En premier lieu, elle va alimenter le moulin à médisance de mes contempteurs qui, en sus de mes autres méfaits, vont s'emparer de la chose pour me taxer de nihilisme. C'est que nous avions deux exemplaires en stock à la boutique, que j'ai vendus le mois dernier – à sec, donc, en ce qui concerne l'objet dont j'entends faire la promotion. Un bouquin vieux de cinq ans qui plus est.
En outre, quand on se pose comme moi en défenseur de la cause langagière, chroniquer un livre dont le titre même est aberration syntaxique, dont les chapitres sont intitulés The storm, The fire, The floods et les personnages nommés No Ouère (J'ai caché ma vulve et mon trou je lui ai donné quelque chose j'ai souri et puis aussi j'ai allumé la radio pour qu'on écoute ensemble les choses de la culture et qu'on en parle), Ozer (But for now, quelque chose est arrivé et je suis bien empêtré) et Ubodie (Cette saloperie a une queue. C'est ça, c'est une putain de saloperie de bestiole), un livre dégoisant l'anglais comme un bonimenteur ses boniments et où, de surcroît, l'on met un certain temps à faire la différence entre un lièvre et un lapin, chroniquer un tel livre est une prise de risque considérable.
Eh bien soit. Fanculo à mes contempteurs, comme on dit.

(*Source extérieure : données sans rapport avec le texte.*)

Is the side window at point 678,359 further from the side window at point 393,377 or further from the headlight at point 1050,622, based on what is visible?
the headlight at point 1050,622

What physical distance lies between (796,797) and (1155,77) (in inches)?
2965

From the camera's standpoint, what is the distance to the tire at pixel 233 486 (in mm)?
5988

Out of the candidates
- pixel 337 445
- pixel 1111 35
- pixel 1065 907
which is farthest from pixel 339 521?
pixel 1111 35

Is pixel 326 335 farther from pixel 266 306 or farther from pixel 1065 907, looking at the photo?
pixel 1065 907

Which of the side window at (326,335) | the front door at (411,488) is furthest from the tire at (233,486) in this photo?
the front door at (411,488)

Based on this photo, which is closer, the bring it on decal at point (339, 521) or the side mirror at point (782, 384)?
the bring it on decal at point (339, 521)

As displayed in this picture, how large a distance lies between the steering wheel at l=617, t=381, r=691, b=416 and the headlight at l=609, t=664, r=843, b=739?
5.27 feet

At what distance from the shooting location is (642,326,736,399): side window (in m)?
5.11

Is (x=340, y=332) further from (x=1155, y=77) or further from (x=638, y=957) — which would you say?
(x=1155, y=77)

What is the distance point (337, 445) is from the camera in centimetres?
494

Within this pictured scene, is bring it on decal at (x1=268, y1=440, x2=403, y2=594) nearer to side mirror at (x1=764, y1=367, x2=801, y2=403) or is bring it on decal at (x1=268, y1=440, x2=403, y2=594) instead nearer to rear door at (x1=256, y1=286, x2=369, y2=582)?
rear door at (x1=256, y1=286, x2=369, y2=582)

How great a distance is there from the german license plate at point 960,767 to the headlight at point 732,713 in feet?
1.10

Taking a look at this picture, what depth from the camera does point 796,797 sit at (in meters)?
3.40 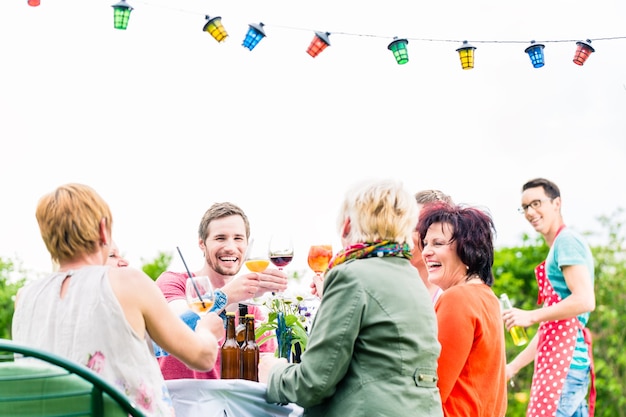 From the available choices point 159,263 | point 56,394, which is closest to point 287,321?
point 56,394

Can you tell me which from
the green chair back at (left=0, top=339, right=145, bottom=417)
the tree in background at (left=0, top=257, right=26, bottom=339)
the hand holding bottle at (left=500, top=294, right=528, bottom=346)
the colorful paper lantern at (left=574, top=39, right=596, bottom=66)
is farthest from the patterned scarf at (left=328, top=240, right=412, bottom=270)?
the tree in background at (left=0, top=257, right=26, bottom=339)

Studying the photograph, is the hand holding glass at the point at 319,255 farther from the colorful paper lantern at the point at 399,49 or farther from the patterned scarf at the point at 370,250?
the colorful paper lantern at the point at 399,49

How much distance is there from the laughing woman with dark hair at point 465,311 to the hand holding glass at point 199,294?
2.41ft

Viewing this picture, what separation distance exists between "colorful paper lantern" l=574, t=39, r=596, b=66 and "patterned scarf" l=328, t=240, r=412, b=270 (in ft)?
9.38

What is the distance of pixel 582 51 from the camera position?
4.95 metres

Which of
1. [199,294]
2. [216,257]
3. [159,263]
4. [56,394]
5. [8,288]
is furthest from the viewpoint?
[159,263]

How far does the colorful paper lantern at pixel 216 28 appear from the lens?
177 inches

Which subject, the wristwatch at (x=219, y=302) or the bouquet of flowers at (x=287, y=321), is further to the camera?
the bouquet of flowers at (x=287, y=321)

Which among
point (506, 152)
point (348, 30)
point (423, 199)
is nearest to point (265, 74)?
point (348, 30)

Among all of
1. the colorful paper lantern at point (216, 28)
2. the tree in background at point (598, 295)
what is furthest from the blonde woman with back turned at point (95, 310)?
the tree in background at point (598, 295)

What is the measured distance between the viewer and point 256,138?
21.3 ft

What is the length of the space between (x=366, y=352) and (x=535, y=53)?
2.98 m

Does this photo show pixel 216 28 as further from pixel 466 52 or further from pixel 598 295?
pixel 598 295

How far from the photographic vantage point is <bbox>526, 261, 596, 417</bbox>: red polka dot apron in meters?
4.19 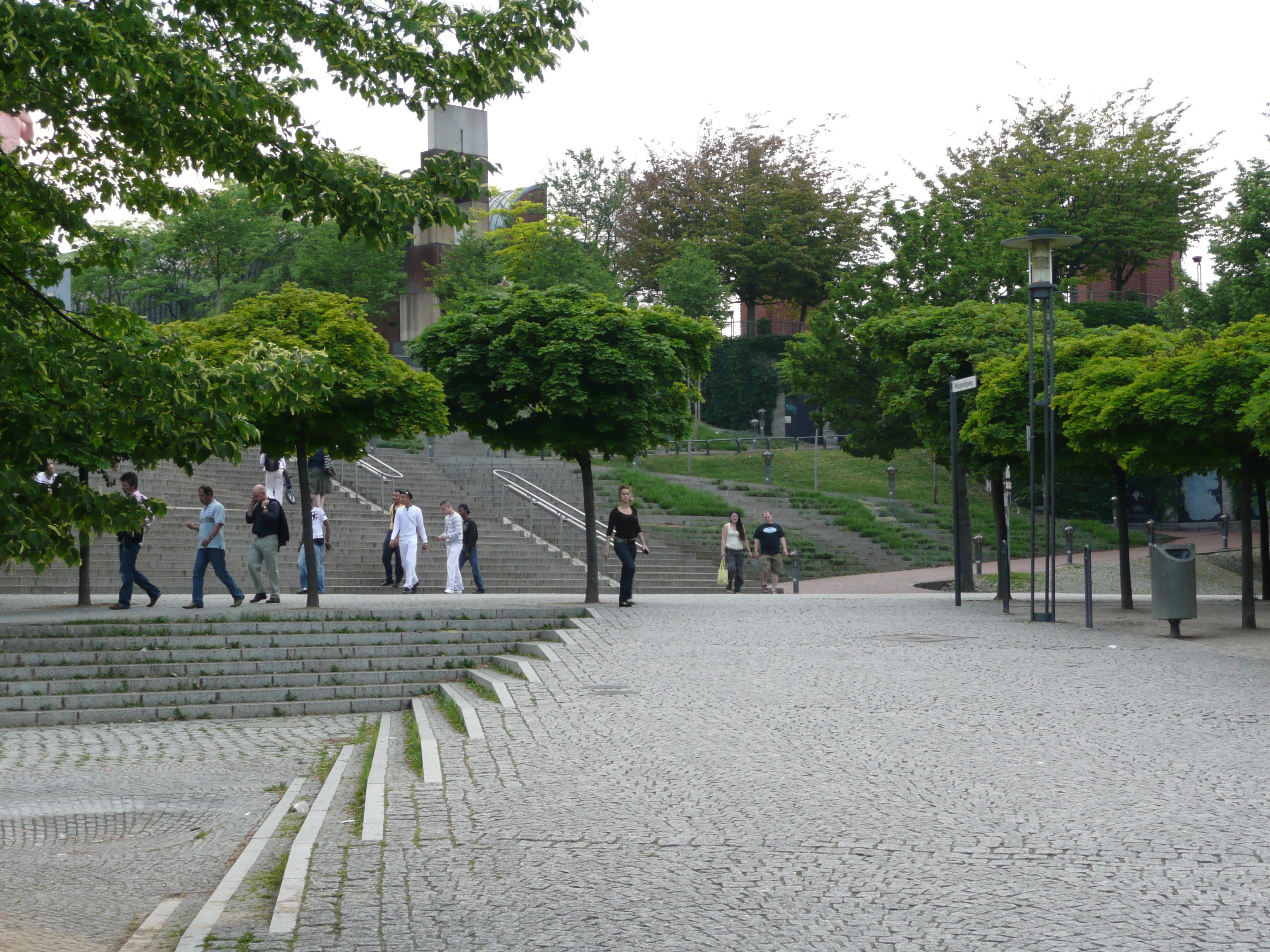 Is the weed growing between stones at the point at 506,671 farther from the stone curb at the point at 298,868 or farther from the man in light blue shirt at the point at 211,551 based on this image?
the man in light blue shirt at the point at 211,551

Sous d'autres circonstances, j'aurais pu m'engager dans un examen approfondi des thèmes et sous-thèmes émaillant ce récit, en analyser les tenants et aboutissants et en déverser ici la substance pour vous. Cela rehaussé, il va de soi, d'un appareil critique sur le travail visuel d'Anya Belyat-Giunta, qui accompagne le texte. Et quoi, je suis pas la bête à mâcher, moi. Cent-trente pages dont une vingtaine d'illustrations, vous devriez y arriver, non ?
Sachez néanmoins qu'il est question d'un poste de radiophonie, dans ce livre, et d'automobiles, et d'urbanisme calamiteux, ce qui me rappelle avoir entendu, il y a deux ou trois ans, en voiture, à la radio, à Bruxelles, qu'un demi-million de personnes entrent et sortent chaque jour de la capitale de l'Europe. Ajoutés au million de résidents, calculs faits, cela correspond peu ou prou à deux mille milliards de phrases de circonstances potentiellement échangées en ces premiers jours de janvier. Bonne année, bonne année. Après un Noël placé sous le signe de l'indispensable (objets en plastique, chocolat postcolonial, électronique made in Asie du sud-est) et dans l'attente fébrile des soldes, les gens font ça. On a même vu des Anglais le dire dans un français impeccable. Bonne année, bonne année.
Dès lors, questionnons-nous : dans notre fatras quotidien de phrases remâchées, qu'est-ce qui fait encore langage ? Est-ce nihilisme qu'affirmer que, comme toujours, ce début d'année ressemble à la fin de l'humanité ?
Nous arrivons en ville. C'est un spectacle de ruines. Rien de ce qui a été construit ici par l'homme n'a marché. Nous sommes là dans de véritables poubelles. Les êtres qui la peuplent ont le teint blafard. Le béton s'effrite, il est sec. This is the end.
À peine plus loin
Je n'aime pas cette ville morte. Elle est le résultat exorbitant du fer. Tout y est hostile. Je connais son histoire. I know you, Motown.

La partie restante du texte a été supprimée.